* Document the lexer and lightly improve its names
The bulk of this pull request adds a substantial amount of new inline
documentation for the lexer. Along the way, I made a few minor changes
to the names in the lexer, most of which were internal.
The main change that affects other files is renaming `group` to `block`,
since the function is actually parsing a block (a list of groups).

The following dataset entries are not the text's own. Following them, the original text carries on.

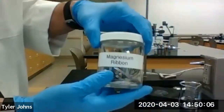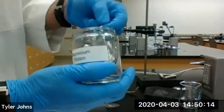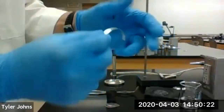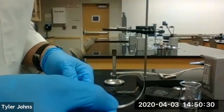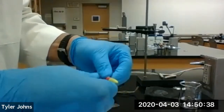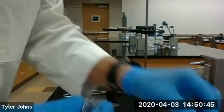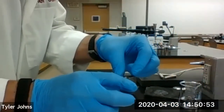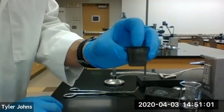Next we're going to obtain a piece of magnesium ribbon. Our magnesium ribbon is nice and shiny so we do not need to polish it with steel wool to remove any oxide coating. We're going to fold the magnesium ribbon — a good idea is to wrap it around a pencil. Here's our folded magnesium ribbon. We'll place it in our crucible.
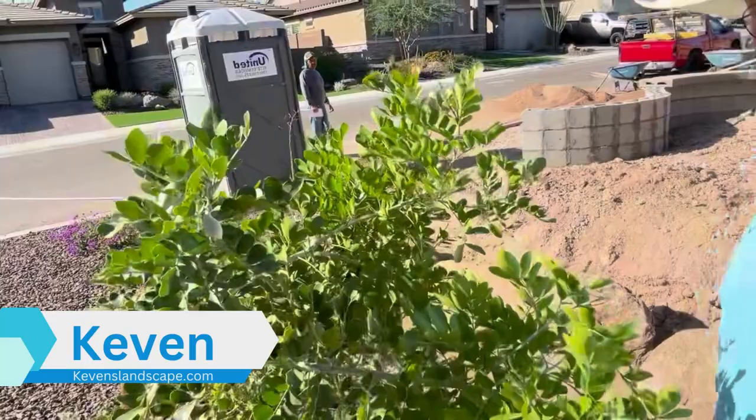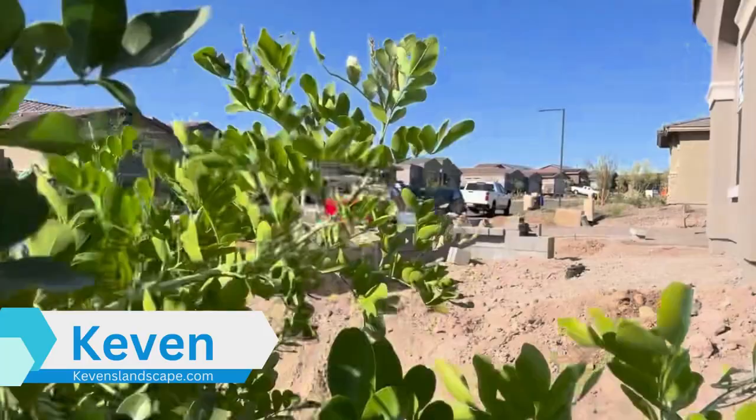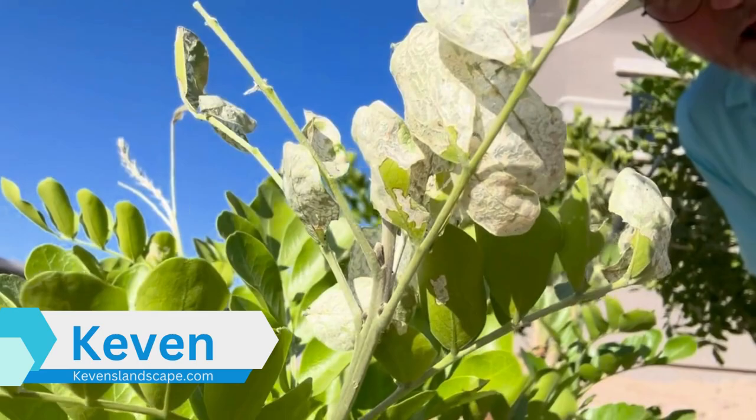Hey there, Kevin here from Kevin's Landscape Company. I wanted to show you this Texas Mountain Laurel — this is the time of year when you get these little worms in there. You can see them right in there. I want to show you the damage that they will do to the leaf. They'll actually skeletonize the leaf.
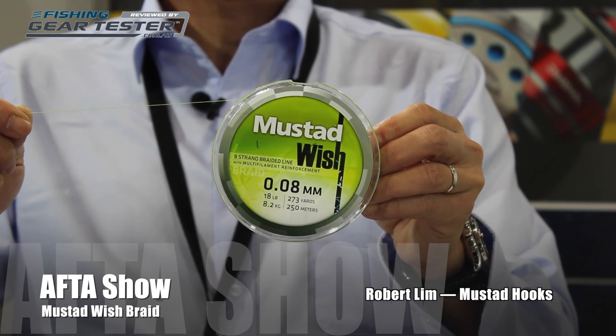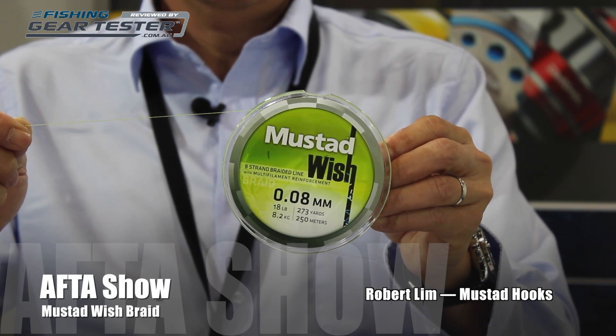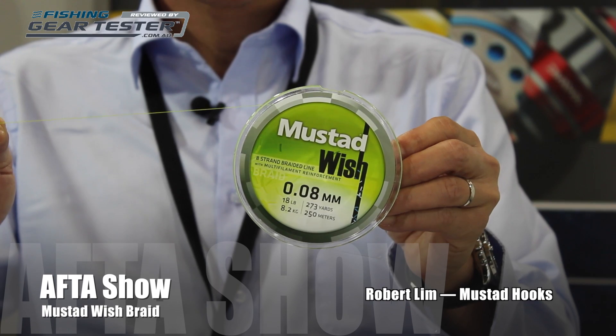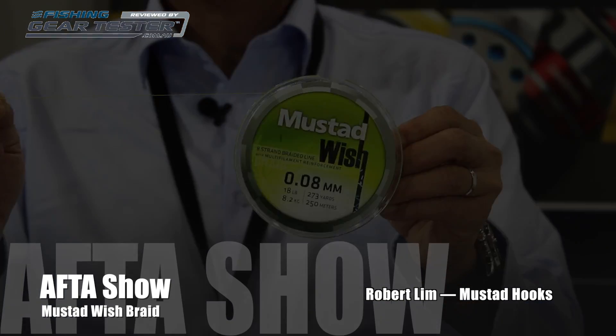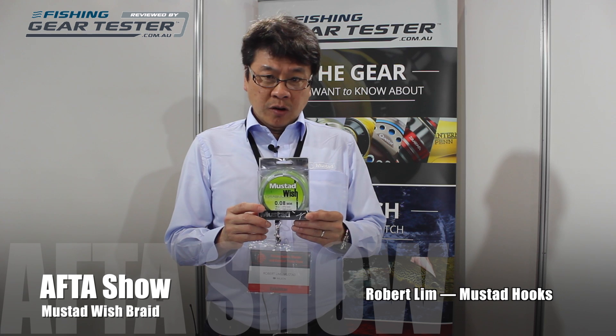Another exciting new product we have at the show is the Mustad Wish Braid. It is an 8-carrier braid made from Spectra fiber from Honeywell. It's smooth, soft, and easy on the cast, and it comes in chartreuse color. It is good for casting and for other fishing applications as well.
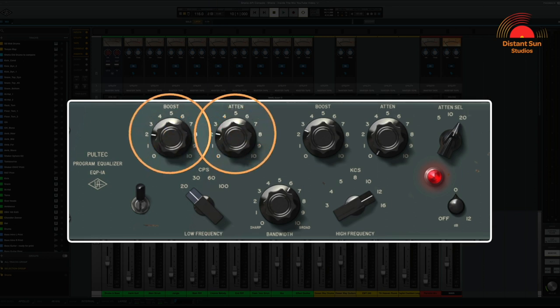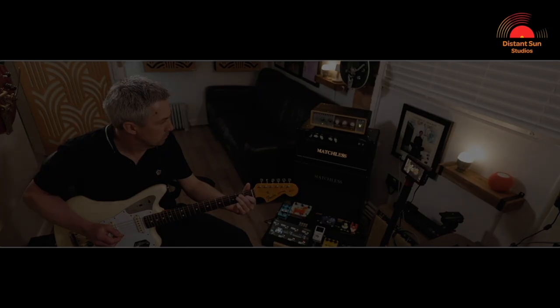I'm boosting and attenuating at 20Hz. The EQ curve on the boost control is slightly different to that on the attenuation. This means that I can boost at 20Hz and then add attenuation to remove any unhelpful lower frequencies. This technique is also a great way to shape the low end on a kick drum, which I'll have to remember to cover in a later video.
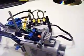Hey guys, this is a very early version of an automatic Lego compressor. It has a pressure activated switch, which you can see there, and the rubber bands keep it normally open. I'll show you how it works.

* Further clean up the lexer
- Consolidate the logic of the various token builders into a single type
- Improve and clean up the event-driven BlockParser
- Clean up comment parsing. Comments now contain their original leading
whitespace as well as trailing whitespace, and know how to move some
leading whitespace back into the body based on how the lexer decides
to dedent the comments. This preserves the original whitespace
information while still making it straight-forward to eliminate leading
whitespace in help comments.
* Update meta.rs
* WIP
* fix clippy
* remove unwraps
* remove unwraps
Co-authored-by: Jonathan Turner <jonathandturner@users.noreply.github.com>
Co-authored-by: Jonathan Turner <jonathan.d.turner@gmail.com>
* Put parse_definition related funcs into own module
* Add failing lexer test
* Implement Parsing of definition signature
This commit applied changes how the signature of a function is parsed. Before
there was a little bit of "quick-and-dirty" string-matching/parsing involved.
Now, a signature is a little bit more properly parsed.
The grammar of a definition signature understood by these parsing-functions is
as follows:
`[ (parameter | flag | <eol>)* ]`
where
parameter is:
`name (<:> type)? (<,> | <eol> | (#Comment <eol>))?`
flag is:
`--name (-shortform)? (<:> type)? (<,> | <eol> | (#Comment <eol>))?`
(Note: After the last item no <,> has to come.)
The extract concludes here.